El lunes, Erdogan atribuyó la fuerte caída de la lira en las últimas horas a un “complot” y no a la marcha de la economía. No mencionó directamente a Trump pero sus palabras iban en esa dirección. Erdogan asegura que la economía turca es sólida y considera que se recuperará puesto que la grave crisis por la que atraviesa no tiene que ver tanto con la economía como con la política, y todavía más con la política exterior.

Para Erdogan, el presidente Trump ha clavado un puñal en la espalda de Turquía. El líder turco ha denunciado que a través de las redes sociales hay “traidores” que propagan mentiras económicas y participan en el “terrorismo económico” que Washington ha puesto en marcha. Recientemente dijo que quienes están detrás de la crisis son los mismos que en 2016 quisieron dar un golpe de estado.

El Banco Central de Turquía está facilitando la “liquidez que necesitan” los bancos en un momento tan complicado como éste, pero Erdogan ha prohibido que el Banco Central suba el precio del dinero, como recomiendan los gurús de la economía convencionales. En esta dirección, la canciller Angela Merkel, advirtió el lunes a Erdogan que espera que el Banco Central sea independiente y no reciba presiones del presidente.

Numerosas compañías turcas se han endeudado en dólares en los últimos años. Se estima que la deuda de todas esas compañías asciende a 220.000 millones de dólares, y es evidente que las compañías tienen que hacer un esfuerzo cada vez mayor para devolver los préstamos, especialmente cuando el dólar se encarece rápidamente como ocurre ahora.

Algunos expertos creen que numerosas compañías corren el riesgo de quebrar, y si esto ocurre es muy posible que tenga consecuencia en las economías de Europa occidental.
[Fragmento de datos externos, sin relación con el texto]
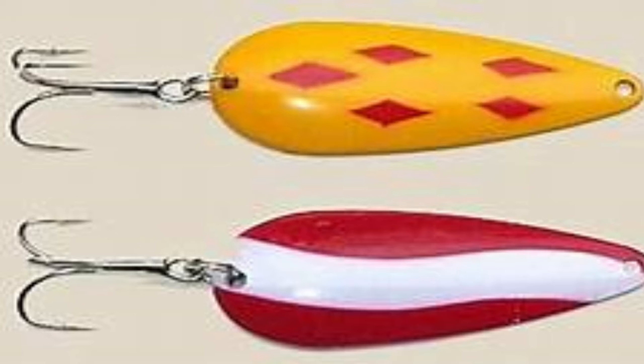As you can see, we've got the split ring down at this end with a treble hook affixed, and then at the other end we either have just the hole to affix the line, or sometimes there will be a split ring here as well.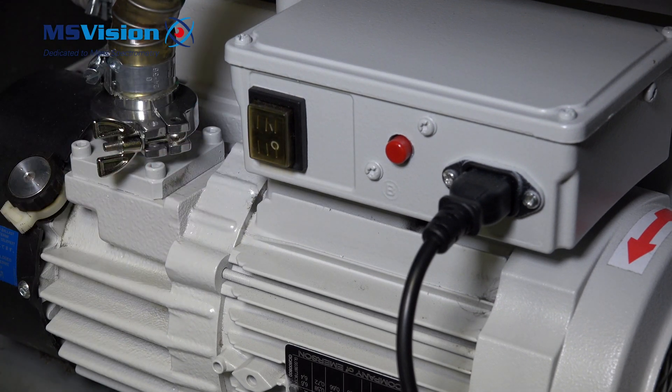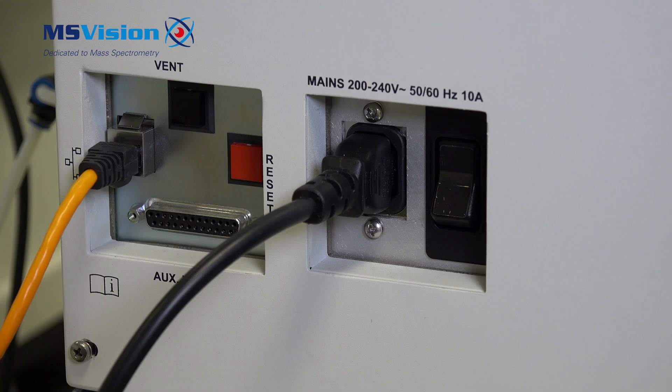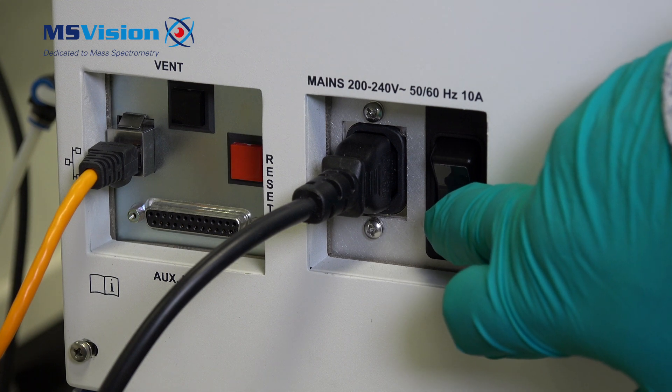Flick the power switch to off. Finally, turn off the main power to the system.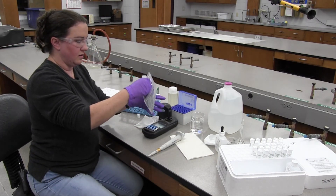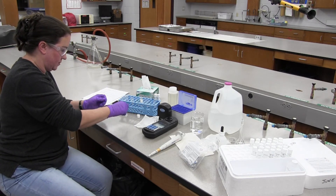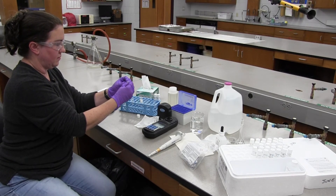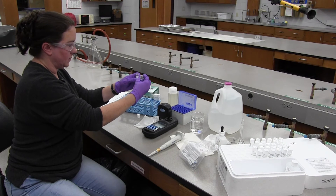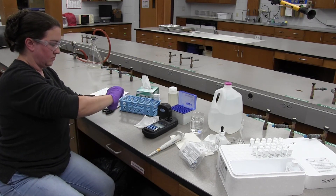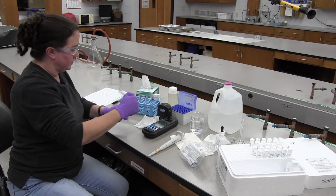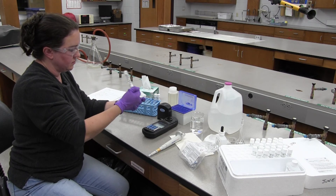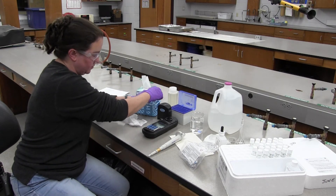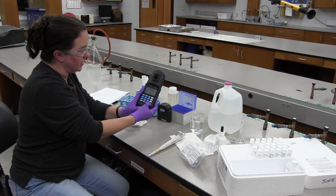We're going to add the reagent powder pillow. Shake it at least 15 seconds. Then I'm going to put the two-minute timer on — press timer, it puts the two minutes up there, and press enter to start the timer.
Bancos como el BBVA y otros grandes bancos europeos que tienen fuertes inversiones en Turquía, un país de 80 millones de habitantes, ya han comenzado a resentirse, y la cosa todavía puede llegar más lejos. La tasa de inflación en Turquía es la más alta desde hace 14 años y el euro ha caído a lo más bajo desde hace un año.

Es evidente que Europa tendría que haber salido en defensa de Turquía en este caso, pero el temor de los europeos al imprevisible Trump los tiene paralizados. Ver cómo en el siglo XXI un matón puede hacer y deshacer a su antojo sin que nadie le tosa es un gran espectáculo. Si la situación económica sigue deteriorándose en Turquía, más pronto que tarde influirá en Europa. Es lo que ha advertido una analista, Agathe Demarais, que sigue de cerca y con preocupación lo que está sucediendo en ese país.

Naturalmente, a Trump no le ha gustado nada que Turquía, un país de la OTAN, haya comprado misiles a Rusia en lugar de a Estados Unidos. Además, Erdogan no se ha sumado a la reciente decisión de Trump de imponer sanciones a Irán. Y para terminar, Erdogan acusa de “racismo” al estado judío. Ninguna de estas acciones es del agrado de Washington.